[<prev] [next>] [thread-next>] [day] [month] [year] [list]
Message-Id: <20220511191218.1402380-1-kuba@kernel.org>
Date: Wed, 11 May 2022 12:12:18 -0700
From: Jakub Kicinski <kuba@...nel.org>
To: davem@...emloft.net
Cc: netdev@...r.kernel.org, edumazet@...gle.com, pabeni@...hat.com,
johannes@...solutions.net, pablo@...filter.org,
laforge@...monks.org, Jason@...c4.com, jgg@...dia.com,
leonro@...dia.com, Jakub Kicinski <kuba@...nel.org>
Subject: [RFC net-next] net: add ndo_alloc_and_init and ndo_release to replace priv_destructor
Old API
-------
Our current API includes .ndo_init, .ndo_uninit and .priv_destructor.

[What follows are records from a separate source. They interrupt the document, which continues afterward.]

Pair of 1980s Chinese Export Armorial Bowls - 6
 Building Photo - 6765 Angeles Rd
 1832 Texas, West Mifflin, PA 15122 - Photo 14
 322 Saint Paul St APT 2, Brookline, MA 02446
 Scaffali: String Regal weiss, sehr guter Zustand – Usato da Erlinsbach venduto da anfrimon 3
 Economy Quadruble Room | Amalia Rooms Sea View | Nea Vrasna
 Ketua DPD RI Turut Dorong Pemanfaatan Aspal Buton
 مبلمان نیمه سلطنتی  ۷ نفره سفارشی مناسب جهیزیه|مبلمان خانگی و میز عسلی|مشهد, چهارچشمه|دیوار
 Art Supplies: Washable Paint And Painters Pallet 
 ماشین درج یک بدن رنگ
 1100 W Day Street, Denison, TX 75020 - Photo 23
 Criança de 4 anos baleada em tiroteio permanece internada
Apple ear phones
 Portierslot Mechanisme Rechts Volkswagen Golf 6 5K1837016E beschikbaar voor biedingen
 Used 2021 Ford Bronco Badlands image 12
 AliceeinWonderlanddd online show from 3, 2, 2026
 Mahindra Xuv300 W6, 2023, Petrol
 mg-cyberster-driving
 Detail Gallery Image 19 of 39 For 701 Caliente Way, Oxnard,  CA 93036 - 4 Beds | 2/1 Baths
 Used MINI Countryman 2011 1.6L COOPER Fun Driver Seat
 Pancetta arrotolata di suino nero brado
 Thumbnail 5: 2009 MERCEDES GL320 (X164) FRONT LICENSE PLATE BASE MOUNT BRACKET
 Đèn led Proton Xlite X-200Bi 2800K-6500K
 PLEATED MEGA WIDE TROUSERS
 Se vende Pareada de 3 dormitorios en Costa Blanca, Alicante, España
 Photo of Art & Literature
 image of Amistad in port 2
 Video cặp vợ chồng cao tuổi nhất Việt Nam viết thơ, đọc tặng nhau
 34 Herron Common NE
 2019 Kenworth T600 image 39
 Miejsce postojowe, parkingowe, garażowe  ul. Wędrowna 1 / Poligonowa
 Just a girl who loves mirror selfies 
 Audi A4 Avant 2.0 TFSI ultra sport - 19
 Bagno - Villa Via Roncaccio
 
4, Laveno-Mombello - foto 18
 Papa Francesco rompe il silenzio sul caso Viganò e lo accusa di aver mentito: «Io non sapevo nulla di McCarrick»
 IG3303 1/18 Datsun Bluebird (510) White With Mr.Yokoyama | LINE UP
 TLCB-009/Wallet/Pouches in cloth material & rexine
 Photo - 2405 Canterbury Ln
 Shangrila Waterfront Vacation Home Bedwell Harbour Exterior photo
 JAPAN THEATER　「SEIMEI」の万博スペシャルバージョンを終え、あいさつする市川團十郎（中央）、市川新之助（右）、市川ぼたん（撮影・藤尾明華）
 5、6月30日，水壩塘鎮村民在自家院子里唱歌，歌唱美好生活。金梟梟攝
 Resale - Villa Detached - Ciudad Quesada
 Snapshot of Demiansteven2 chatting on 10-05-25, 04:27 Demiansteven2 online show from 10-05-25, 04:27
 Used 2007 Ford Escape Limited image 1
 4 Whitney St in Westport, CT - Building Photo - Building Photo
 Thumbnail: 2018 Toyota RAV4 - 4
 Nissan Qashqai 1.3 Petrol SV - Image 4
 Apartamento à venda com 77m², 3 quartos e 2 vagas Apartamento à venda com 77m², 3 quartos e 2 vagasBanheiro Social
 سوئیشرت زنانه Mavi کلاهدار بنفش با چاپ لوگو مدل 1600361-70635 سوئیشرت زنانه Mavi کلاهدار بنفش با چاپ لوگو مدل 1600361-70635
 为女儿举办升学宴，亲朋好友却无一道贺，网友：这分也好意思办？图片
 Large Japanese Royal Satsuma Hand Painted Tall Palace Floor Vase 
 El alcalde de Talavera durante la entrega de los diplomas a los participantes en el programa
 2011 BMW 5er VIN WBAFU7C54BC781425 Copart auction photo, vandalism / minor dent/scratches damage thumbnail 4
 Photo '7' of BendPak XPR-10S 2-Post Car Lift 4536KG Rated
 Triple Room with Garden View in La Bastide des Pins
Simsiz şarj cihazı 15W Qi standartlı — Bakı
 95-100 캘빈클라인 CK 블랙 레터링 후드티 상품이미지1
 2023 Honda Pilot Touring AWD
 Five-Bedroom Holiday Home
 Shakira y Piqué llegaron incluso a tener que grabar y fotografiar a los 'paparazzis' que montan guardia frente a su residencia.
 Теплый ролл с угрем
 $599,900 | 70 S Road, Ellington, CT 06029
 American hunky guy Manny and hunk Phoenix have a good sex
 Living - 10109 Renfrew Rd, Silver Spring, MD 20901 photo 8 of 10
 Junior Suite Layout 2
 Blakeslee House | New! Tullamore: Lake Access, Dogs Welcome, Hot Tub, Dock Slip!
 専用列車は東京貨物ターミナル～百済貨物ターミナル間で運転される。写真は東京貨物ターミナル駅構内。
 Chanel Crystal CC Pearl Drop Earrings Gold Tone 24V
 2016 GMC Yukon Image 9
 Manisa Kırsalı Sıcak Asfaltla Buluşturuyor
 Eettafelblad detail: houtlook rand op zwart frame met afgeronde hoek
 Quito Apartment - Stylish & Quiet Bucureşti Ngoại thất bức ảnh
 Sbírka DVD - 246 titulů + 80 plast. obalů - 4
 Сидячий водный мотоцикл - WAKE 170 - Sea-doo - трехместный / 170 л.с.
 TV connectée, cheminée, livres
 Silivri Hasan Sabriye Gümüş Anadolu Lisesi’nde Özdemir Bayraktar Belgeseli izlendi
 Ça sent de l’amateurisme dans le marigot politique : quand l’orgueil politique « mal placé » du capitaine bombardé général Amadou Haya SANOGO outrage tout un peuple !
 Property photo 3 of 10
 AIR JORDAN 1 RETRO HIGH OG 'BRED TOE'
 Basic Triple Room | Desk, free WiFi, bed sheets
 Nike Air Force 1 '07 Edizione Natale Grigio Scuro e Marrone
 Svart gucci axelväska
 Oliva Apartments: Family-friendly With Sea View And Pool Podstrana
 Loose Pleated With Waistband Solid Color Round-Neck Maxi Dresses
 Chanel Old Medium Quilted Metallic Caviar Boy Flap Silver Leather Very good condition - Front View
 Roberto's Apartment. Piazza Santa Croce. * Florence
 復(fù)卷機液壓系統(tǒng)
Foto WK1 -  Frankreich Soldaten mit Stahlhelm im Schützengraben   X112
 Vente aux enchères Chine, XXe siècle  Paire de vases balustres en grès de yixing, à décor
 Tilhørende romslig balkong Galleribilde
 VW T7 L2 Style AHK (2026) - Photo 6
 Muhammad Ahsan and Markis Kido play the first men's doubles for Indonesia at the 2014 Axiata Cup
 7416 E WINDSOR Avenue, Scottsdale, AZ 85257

First two are part of netdev_ops the last one is a member of netdevice
and can be overwritten at will by the drivers.
The semantics are that .ndo_uninit releases anything that
can be freed once the device is unlisted, while .priv_destructor
should release any resources which may be accessed outside
of rtnl_lock, only with a reference on the netdev held.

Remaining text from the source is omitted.